Task to carry out — Copy out each entry below verbatim, skipping the images.

(Stored dataset items)
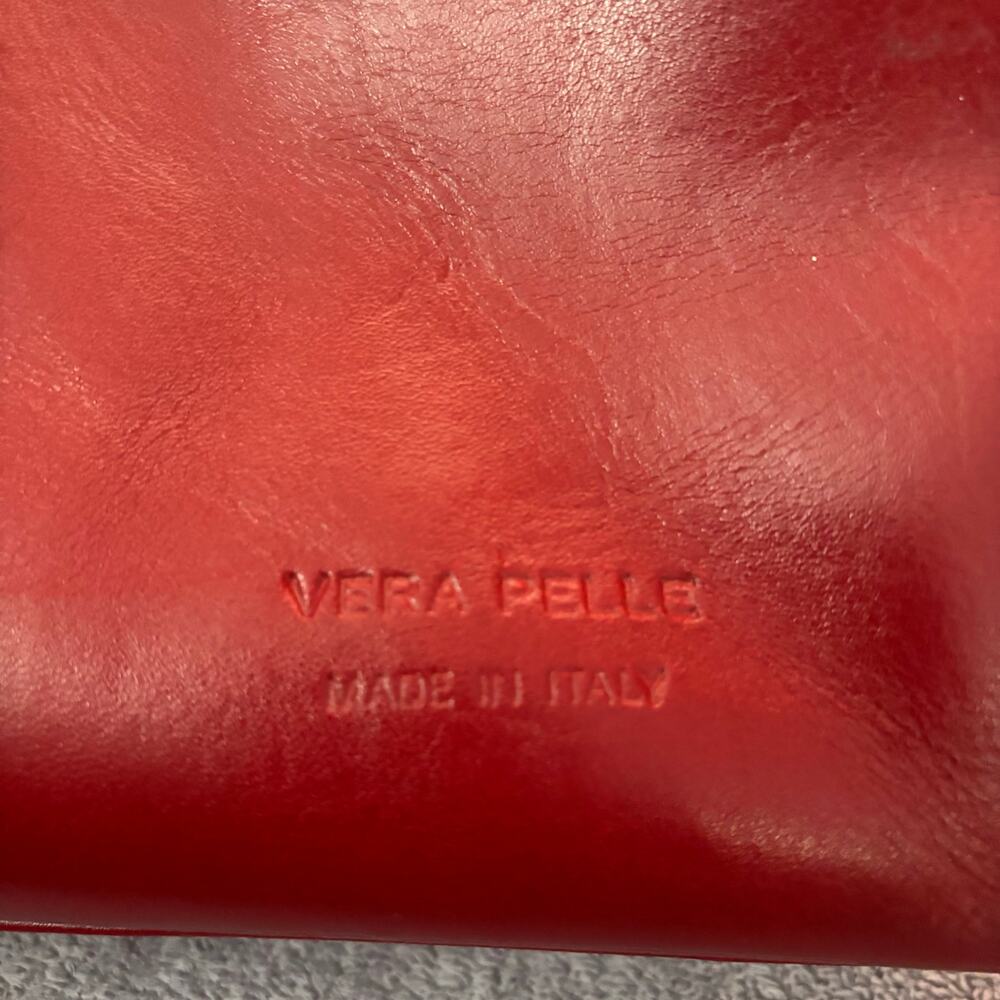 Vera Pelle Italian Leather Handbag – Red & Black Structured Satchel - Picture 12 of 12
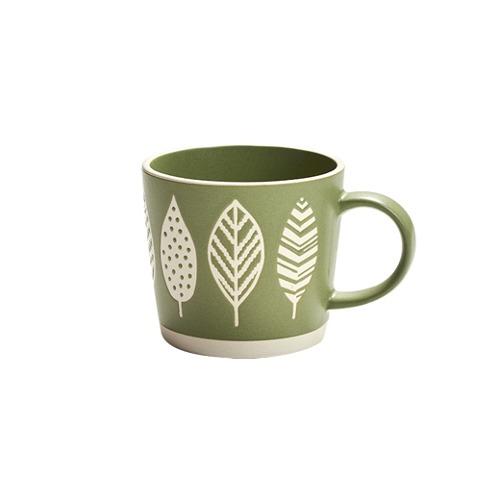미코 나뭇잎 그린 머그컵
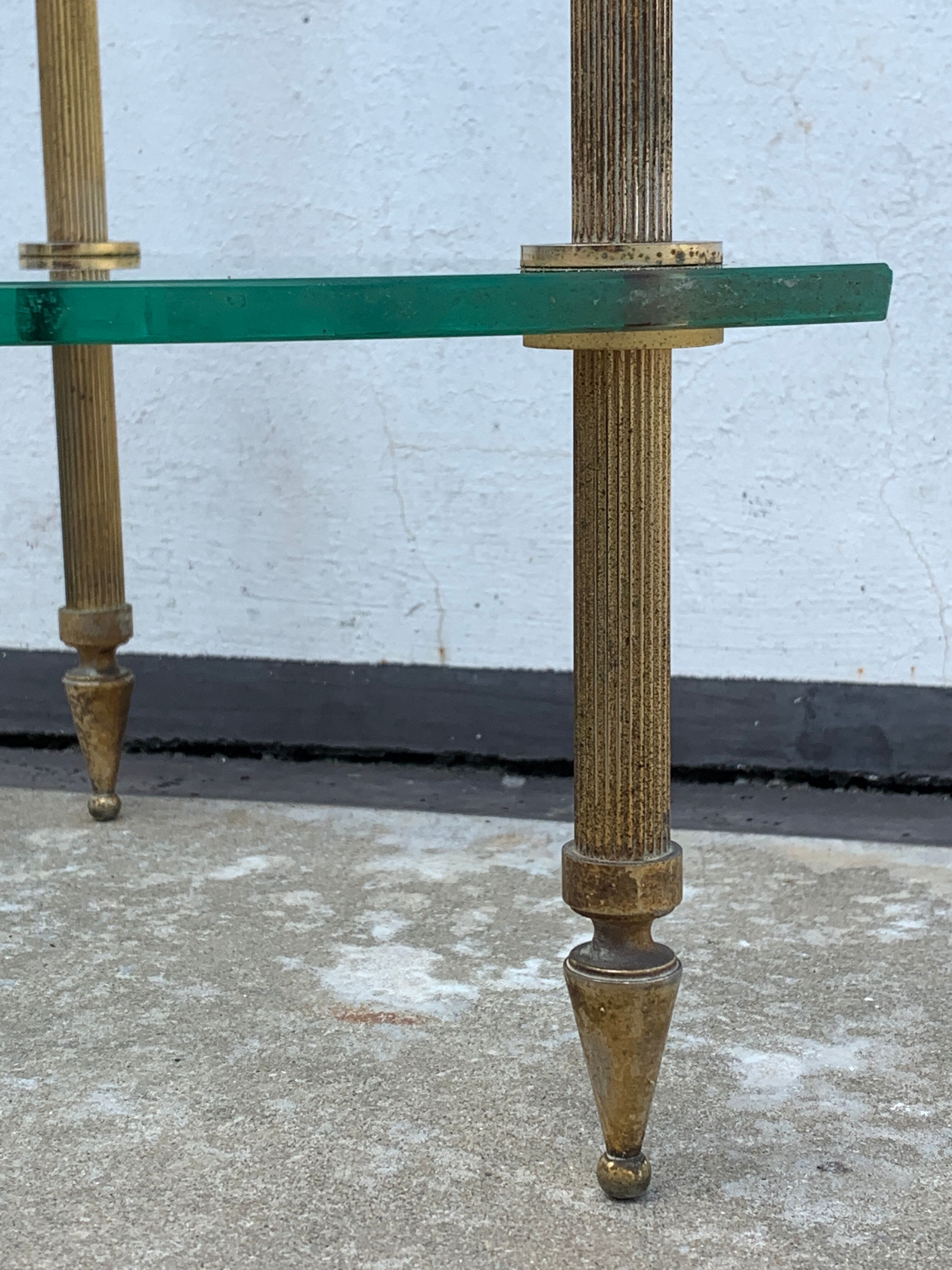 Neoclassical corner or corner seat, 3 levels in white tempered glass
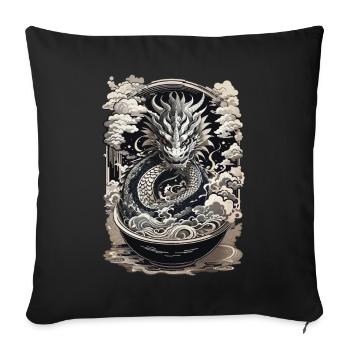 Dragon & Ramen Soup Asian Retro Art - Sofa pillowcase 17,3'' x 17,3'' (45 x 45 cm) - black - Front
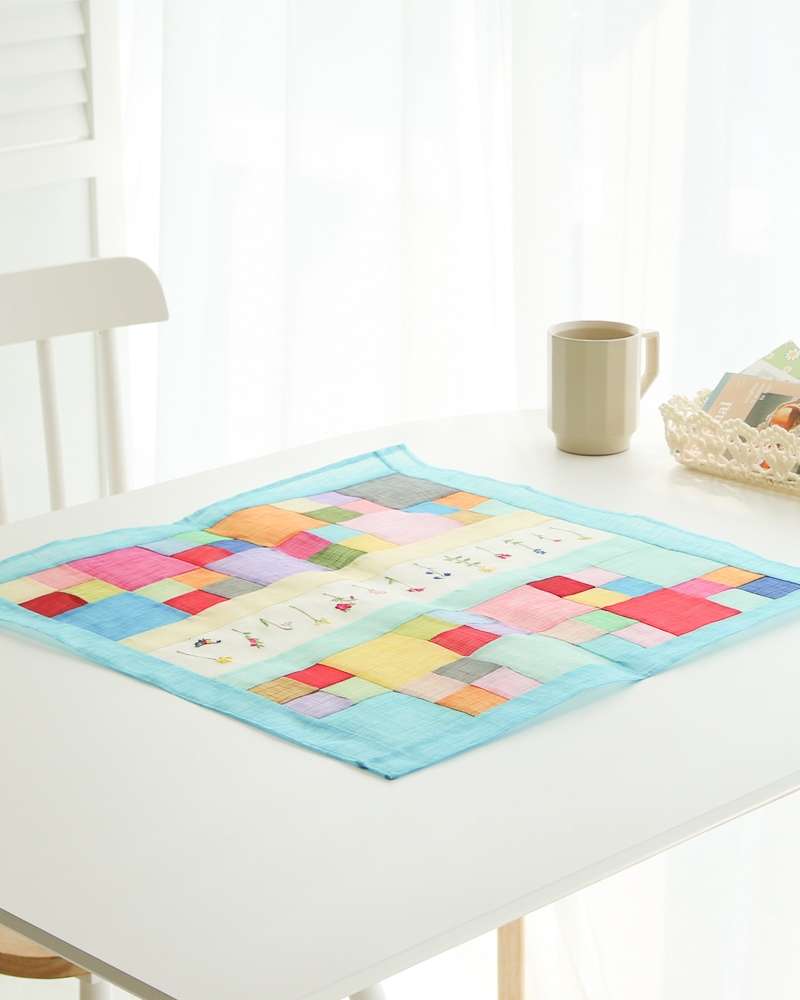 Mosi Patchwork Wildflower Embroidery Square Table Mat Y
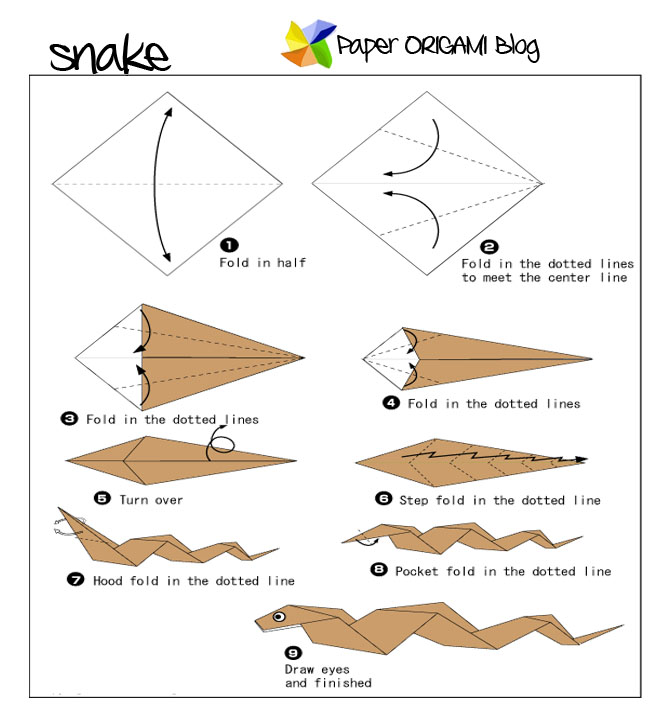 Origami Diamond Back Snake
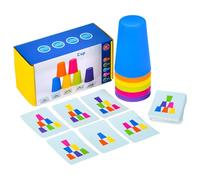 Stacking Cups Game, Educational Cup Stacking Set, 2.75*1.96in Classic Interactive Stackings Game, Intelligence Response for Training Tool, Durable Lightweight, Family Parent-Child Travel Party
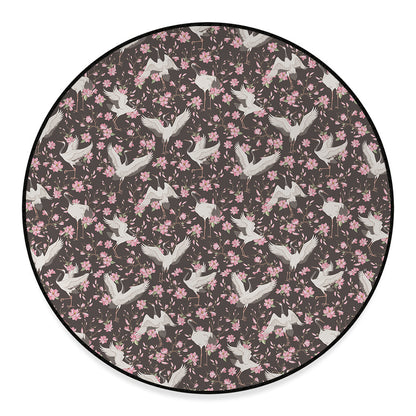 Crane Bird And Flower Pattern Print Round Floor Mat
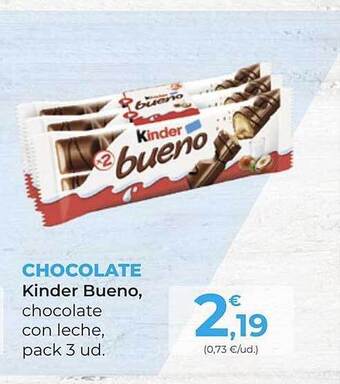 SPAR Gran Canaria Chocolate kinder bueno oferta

Solution to the problem —
 Vera Pelle Italian Leather Handbag – Red & Black Structured Satchel - Picture 12 of 12
미코 나뭇잎 그린 머그컵
 Neoclassical corner or corner seat, 3 levels in white tempered glass
 Dragon & Ramen Soup Asian Retro Art - Sofa pillowcase 17,3'' x 17,3'' (45 x 45 cm) - black - Front
 Mosi Patchwork Wildflower Embroidery Square Table Mat Y
 Origami Diamond Back Snake
 Stacking Cups Game, Educational Cup Stacking Set, 2.75*1.96in Classic Interactive Stackings Game, Intelligence Response for Training Tool, Durable Lightweight, Family Parent-Child Travel Party
 Crane Bird And Flower Pattern Print Round Floor Mat
 SPAR Gran Canaria Chocolate kinder bueno oferta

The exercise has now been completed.